837183 writes

Hi, I have 110,000 PDF’s I’d like to index, each is an eBook. I have indexed ~50,000 and then clicked "stop indexing", I got a prompt that said "indexing failed" and clicked O.K.. then restarted the PC.

How can I verify that Recoll continues to index the remaining 50,000 files? there’s no indication of that in the statues bar.

medoc writes

If you click start indexing, you should see the file names in the status bar after a moment.

You can also use the recollindex command line directly. At level 3, the log will mostly list the file paths being indexed.

Otherwise, you can get an idea of what files are currently inside the index with the following command:

delve -1 -a ~/.recoll/xapiandb/ | egrep '^Q'

delve is a Xapian tool, you may have to install an additional package to get it, depending on the distribution.

837183 writes

In the GUI there’s rebuld/update index. but not start indexing

[This is some of the output](http://pastebin.com/y9jeLquU) I get with delve..but..it’s certainly not files..?

delve -1 -a /home/arled/.recoll/xapiandb | egrep '^Q'

medoc writes

Oops, you are using a case-sensitive index, I’m glad that there is at least one user for this :)

The corrected command would be:

delve -1 -a ~/.recoll/xapiandb/ | egrep '^:Q:'

About the recoll GUI indications: so that I can best answer you, what version are you using ?

In general though if you have rebuild index and update index entries, this means that the indexing daemon is not running.

To start indexing from the GUI, use update index

837183 writes

Huh..I thought that update index rebuilds the entire index while letting you use what’s indexed so far.

Recoll 1.19.14 + Xapian 1.2.12

Yeah, you’re right :-) , when I execute recollindex -m and then open the GUI I have an option to stop indexing instead of the other two.

So using

#!

delve -1 -a ~/.recoll/xapiandb/ | egrep '^:Q:' | wc -l

It seems that all of the files have been indexed.

Thank you.

medoc writes

looks ok

humble_user writes

I found that delve command unhelpful. It seemed to list files in the index. There are a lot of files in the index. So it was going to take forever and was having a good crunch of my hard disk while I was at it. So I killed it.

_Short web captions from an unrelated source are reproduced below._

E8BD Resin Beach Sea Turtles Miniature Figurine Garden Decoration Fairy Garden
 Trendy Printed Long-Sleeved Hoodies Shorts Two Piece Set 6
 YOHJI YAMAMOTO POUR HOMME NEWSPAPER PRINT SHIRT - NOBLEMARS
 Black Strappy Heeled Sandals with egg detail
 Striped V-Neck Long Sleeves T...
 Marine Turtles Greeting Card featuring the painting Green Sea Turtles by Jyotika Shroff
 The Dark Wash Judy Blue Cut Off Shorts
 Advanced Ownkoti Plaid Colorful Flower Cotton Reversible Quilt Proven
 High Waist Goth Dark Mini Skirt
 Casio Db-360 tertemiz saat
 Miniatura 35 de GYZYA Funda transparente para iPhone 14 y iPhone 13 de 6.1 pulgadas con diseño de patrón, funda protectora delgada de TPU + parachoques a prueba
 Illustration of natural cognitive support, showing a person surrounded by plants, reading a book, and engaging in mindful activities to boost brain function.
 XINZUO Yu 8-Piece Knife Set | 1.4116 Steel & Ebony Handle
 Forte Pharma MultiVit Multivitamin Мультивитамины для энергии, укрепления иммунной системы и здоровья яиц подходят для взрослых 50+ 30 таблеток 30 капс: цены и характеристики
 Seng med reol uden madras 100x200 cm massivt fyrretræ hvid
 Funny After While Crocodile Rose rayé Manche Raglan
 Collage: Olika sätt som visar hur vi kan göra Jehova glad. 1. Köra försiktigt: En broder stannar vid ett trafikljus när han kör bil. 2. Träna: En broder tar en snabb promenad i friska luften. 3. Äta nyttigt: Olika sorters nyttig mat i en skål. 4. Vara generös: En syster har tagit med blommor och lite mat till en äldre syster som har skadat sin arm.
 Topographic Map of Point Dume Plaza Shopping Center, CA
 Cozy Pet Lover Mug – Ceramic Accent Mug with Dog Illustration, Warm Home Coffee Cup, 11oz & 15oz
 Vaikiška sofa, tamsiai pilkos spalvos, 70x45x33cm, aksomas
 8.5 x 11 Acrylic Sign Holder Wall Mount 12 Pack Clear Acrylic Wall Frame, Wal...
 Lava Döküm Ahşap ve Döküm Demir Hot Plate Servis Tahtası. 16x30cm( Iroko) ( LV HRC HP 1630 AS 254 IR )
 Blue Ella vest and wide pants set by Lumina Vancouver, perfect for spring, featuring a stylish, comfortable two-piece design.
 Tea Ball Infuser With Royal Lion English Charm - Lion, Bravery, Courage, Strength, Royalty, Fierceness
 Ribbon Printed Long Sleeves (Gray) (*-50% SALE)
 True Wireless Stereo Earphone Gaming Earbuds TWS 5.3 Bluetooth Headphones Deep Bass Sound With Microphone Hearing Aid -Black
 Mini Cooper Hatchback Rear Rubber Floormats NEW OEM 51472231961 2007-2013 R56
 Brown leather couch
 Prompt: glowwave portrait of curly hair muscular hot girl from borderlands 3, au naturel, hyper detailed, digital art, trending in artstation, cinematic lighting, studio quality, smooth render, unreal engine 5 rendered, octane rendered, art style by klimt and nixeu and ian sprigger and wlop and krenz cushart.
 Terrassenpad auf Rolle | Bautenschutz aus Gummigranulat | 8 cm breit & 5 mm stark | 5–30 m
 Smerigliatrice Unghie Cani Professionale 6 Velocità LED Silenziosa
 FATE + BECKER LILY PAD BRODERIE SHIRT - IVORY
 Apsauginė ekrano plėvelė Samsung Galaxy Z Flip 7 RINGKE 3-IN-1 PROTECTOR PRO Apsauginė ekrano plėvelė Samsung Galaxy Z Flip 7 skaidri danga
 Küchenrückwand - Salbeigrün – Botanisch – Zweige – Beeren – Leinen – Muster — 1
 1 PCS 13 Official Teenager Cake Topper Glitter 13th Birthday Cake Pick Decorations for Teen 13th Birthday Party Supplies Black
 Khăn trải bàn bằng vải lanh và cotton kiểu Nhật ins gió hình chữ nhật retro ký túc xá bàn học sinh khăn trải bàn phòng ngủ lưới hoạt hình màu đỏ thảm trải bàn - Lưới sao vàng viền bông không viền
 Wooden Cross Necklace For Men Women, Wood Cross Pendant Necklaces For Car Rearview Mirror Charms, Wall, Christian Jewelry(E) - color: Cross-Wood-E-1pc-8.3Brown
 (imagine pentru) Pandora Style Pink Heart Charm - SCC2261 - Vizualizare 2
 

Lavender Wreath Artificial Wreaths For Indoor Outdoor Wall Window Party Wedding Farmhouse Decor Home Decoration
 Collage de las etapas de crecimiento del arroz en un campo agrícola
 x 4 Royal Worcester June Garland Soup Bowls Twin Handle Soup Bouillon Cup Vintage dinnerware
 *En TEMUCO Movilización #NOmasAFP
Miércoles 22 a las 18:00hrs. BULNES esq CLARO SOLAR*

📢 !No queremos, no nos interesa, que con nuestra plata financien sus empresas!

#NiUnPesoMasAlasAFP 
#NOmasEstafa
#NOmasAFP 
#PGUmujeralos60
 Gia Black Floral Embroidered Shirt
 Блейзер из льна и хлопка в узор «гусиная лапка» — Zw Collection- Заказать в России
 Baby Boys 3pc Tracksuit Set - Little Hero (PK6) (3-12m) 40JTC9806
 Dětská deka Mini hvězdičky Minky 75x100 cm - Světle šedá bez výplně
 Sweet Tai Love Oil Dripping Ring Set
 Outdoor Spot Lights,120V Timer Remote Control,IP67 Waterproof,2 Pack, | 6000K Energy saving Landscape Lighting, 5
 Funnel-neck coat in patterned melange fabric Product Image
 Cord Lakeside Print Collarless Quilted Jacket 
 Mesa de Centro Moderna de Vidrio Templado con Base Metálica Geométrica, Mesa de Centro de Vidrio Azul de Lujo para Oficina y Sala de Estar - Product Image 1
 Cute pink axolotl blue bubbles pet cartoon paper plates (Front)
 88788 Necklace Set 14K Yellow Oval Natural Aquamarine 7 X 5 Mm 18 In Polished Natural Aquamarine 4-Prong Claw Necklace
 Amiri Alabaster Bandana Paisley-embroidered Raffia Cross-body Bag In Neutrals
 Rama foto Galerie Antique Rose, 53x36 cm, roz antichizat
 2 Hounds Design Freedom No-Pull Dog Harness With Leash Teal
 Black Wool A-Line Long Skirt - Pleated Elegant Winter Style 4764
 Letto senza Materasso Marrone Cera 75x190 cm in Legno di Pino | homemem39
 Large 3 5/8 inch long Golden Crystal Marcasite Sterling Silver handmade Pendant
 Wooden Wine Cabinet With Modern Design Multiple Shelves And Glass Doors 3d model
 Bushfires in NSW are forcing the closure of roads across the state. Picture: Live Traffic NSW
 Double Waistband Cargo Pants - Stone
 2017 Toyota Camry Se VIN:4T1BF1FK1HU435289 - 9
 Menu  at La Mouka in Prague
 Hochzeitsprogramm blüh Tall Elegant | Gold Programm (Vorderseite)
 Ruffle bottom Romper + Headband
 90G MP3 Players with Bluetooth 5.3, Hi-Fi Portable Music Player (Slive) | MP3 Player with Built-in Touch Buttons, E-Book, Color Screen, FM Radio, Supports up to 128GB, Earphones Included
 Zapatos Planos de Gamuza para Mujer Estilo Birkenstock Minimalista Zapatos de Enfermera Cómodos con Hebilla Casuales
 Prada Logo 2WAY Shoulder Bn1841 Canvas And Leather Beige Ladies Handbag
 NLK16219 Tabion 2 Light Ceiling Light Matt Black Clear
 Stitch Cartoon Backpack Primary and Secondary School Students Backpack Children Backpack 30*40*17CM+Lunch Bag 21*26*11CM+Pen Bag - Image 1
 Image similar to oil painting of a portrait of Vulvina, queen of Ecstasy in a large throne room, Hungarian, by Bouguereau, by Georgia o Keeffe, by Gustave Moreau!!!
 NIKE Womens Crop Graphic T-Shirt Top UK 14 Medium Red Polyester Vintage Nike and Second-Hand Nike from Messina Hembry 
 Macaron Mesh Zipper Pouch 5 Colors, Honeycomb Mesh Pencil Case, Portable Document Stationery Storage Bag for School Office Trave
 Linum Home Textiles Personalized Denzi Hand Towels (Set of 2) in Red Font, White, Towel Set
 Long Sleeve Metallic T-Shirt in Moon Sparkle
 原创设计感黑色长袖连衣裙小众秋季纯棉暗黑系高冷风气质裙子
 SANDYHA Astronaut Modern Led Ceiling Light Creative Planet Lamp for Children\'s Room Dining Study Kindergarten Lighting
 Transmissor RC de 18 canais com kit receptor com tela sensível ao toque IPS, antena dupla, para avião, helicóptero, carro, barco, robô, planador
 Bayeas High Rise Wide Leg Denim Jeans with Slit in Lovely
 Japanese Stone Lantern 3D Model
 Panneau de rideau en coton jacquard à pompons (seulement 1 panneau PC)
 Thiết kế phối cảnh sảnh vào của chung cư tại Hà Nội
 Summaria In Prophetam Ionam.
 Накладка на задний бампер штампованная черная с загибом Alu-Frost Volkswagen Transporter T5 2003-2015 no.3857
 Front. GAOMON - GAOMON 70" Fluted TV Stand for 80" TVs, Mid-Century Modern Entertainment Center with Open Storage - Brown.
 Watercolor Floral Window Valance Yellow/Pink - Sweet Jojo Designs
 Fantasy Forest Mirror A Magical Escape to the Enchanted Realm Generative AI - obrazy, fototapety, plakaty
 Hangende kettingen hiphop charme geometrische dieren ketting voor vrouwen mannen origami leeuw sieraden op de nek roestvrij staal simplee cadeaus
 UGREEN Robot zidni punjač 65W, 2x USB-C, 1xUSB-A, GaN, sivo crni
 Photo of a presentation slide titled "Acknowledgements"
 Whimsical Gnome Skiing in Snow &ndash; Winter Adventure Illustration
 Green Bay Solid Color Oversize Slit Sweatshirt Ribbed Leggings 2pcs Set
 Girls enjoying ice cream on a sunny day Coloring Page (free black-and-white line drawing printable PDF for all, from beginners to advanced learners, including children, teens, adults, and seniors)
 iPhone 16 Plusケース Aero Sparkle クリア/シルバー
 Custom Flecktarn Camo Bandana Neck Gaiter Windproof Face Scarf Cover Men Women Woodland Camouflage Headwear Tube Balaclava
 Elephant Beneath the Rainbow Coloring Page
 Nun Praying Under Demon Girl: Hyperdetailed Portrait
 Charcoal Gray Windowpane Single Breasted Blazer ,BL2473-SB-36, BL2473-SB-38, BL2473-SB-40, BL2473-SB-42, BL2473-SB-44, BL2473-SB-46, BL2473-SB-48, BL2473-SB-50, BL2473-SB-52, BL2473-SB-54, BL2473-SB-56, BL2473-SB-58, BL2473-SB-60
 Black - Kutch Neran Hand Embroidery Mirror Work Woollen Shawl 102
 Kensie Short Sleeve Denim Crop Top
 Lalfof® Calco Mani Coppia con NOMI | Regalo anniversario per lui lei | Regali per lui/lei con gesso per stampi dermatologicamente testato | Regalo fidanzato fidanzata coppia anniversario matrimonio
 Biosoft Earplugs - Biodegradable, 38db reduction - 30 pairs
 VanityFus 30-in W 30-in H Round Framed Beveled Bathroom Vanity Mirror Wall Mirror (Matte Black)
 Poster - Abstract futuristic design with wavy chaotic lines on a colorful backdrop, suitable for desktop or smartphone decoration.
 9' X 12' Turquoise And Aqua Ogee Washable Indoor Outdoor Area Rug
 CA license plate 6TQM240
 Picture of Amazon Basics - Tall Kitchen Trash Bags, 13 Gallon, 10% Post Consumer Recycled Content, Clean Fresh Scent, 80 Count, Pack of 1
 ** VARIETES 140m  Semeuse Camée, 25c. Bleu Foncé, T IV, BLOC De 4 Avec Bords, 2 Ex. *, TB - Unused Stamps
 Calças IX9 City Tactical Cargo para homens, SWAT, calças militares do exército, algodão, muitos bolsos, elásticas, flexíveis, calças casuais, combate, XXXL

delve -v …, gave good summary info (in particular, number of documents in the index), but that also went off on one and had to be killed. At least it reported the useful summary info before it went off.

But all this is stuff a GUI user shouldn’t have to do: shouldn’t have to get basic info from the command line, shouldn’t have to consult the manual on how to find it, and certainly shouldn’t have to come here for help.

You know this, of course, because the user documentation does say that you are looking in particular for user feedback on how the GUI might be improved.

The GUI would be improved greatly with two features that would resolve this problem:

(1). A pause / continue indexing <button >

I understand from what you say here that update index continues from where it left off if it is restarted after being stopped. But I had to come here to find out. And although then update and resume/continue indexing are the same functionally as far as the program is concerned, they are very different operations as far as the user is concerned - i.e. if the user has manually paused indexing, then from the user point-of-view update is not the same as resume. This is especially so since the user has no way of knowing that update index also resumes.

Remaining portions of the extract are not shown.